Top French dishes | Quality Villas

top french dishes

In honour of Taste Week (Semaine du Gout), Expedia have
surveyed the French public to find out what the nation’s favourite dishes are.
Taste Week is a nationwide event celebrating all that is great about French
cuisine, running everything from tasting sessions to workshops in locations
ranging from town centres to schools.

Below are the results, revealing the top ten dishes which
are a hit amongst the French. Whether you’re catching the sun’s rays at our
south of France villas or relaxing in the heart of the countryside, you need to
make sure you try some of these classics during your time in France.

10: Tomates Farcies – Translating into English as ‘stuffed
tomatoes’, this dish consists of juicy roasted tomatoes stuffed with
ingredients such as mushrooms, garlic and sausage meat.

9: Steak-frites – The French and Belgians have long debated
who created this dish, to little avail, but this classic combination of steak
and fries is loved the world over.

8: Couscous – Although originally from North Africa,
couscous has become a huge hit in France, and has been reworked in a number of
ways by the French.

7: Gigot d’Agneau – A delicious leg of lamb which can be
utter perfection when cooked correctly, seasoned with salt, pepper, garlic and
olive oil to make a meal to remember.

6: Moules-frites – Mussels and fries served in a creamy
white wine sauce. You’ll find this on the menus of brasseries all over France
but especially in the north and north-west.
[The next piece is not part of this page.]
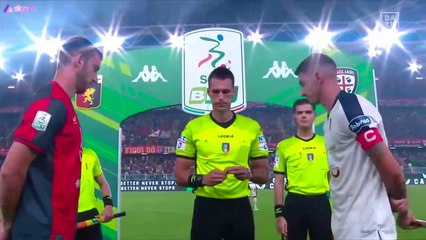 Genoa v Cagliari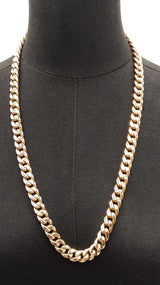 10k Yellow Gold 66g Cuban Link Chain 26 Inches Sd0326pzxzdu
5: Blanquette de Veau – A veal stew where the meat isn’t
browned. Instead the veal is cooked in stock or flavoured water to create a
rich and gamey dish.

4: Boeuf bourguignon – One of the most famous French dishes,
it may come as a shock to many for this dish to come in at fourth place. Boeuf
bourguignon consists of cuts of beef braised in Burgundy red wine.

3: Raclette – Raclette is another dish where its origins are
hotly contested, this time between the French and the Swiss. It has a number of
variants; traditionally it consists of the melted cheese scraped from the side
of the cheese wheel, though modern versions see meat and cheese grilled on an
electric hot plate.

2: Cote de boeuf – A delicious rib steak, which is served in
France with the bone still attached. Some restaurants will even serve a cote du
boeuf for two, where the steak is so large it’s big enough to share.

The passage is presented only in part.